How to complete this task: Below are several records. Retype exactly those lines running from the one with "Picture of Natural" through the one with "Simplicity 9838 (1980)", end lines included, and no others.

Short web captions:
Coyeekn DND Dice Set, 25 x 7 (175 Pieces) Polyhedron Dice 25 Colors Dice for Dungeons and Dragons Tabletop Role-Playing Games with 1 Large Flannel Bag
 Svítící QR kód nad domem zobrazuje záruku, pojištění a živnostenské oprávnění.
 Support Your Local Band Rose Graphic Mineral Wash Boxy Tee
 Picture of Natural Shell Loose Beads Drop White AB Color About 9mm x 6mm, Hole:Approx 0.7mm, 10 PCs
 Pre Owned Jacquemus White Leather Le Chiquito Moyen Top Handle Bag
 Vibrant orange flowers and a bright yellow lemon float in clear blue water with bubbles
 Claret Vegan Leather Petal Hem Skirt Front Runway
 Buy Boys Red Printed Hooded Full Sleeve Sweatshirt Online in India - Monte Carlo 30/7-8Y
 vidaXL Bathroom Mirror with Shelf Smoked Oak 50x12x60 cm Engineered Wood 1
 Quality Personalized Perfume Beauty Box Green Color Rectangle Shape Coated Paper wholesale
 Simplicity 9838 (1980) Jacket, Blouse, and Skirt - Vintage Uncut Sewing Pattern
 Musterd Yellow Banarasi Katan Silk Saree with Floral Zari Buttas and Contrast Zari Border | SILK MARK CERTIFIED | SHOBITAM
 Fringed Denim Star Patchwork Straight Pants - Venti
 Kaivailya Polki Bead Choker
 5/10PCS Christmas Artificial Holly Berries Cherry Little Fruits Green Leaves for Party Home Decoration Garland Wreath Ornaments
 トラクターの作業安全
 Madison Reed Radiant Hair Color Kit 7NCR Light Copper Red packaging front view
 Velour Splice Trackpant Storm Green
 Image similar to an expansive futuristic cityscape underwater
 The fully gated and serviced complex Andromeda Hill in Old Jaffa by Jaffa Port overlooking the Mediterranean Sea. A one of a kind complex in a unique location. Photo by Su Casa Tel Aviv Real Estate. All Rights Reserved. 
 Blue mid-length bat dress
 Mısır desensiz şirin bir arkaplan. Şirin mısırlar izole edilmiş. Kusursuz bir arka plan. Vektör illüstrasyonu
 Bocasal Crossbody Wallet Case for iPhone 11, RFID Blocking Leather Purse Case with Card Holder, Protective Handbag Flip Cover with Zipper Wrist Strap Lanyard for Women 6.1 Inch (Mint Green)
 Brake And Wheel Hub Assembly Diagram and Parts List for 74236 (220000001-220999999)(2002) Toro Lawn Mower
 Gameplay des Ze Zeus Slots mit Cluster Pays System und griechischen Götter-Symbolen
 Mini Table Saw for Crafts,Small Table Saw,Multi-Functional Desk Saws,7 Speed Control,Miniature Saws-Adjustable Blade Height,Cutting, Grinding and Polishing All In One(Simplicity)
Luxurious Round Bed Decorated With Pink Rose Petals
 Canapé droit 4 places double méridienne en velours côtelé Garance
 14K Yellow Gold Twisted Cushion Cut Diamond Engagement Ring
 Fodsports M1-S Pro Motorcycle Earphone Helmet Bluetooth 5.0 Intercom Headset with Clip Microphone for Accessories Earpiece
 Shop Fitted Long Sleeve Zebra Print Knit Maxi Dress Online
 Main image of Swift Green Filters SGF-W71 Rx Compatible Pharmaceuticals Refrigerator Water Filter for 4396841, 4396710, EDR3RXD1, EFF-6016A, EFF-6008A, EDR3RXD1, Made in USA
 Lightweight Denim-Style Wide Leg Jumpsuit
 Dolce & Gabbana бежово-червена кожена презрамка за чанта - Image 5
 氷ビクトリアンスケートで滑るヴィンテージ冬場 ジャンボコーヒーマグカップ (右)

Solution to this task:
 Picture of Natural Shell Loose Beads Drop White AB Color About 9mm x 6mm, Hole:Approx 0.7mm, 10 PCs
 Pre Owned Jacquemus White Leather Le Chiquito Moyen Top Handle Bag
 Vibrant orange flowers and a bright yellow lemon float in clear blue water with bubbles
 Claret Vegan Leather Petal Hem Skirt Front Runway
 Buy Boys Red Printed Hooded Full Sleeve Sweatshirt Online in India - Monte Carlo 30/7-8Y
 vidaXL Bathroom Mirror with Shelf Smoked Oak 50x12x60 cm Engineered Wood 1
 Quality Personalized Perfume Beauty Box Green Color Rectangle Shape Coated Paper wholesale
 Simplicity 9838 (1980) Jacket, Blouse, and Skirt - Vintage Uncut Sewing Pattern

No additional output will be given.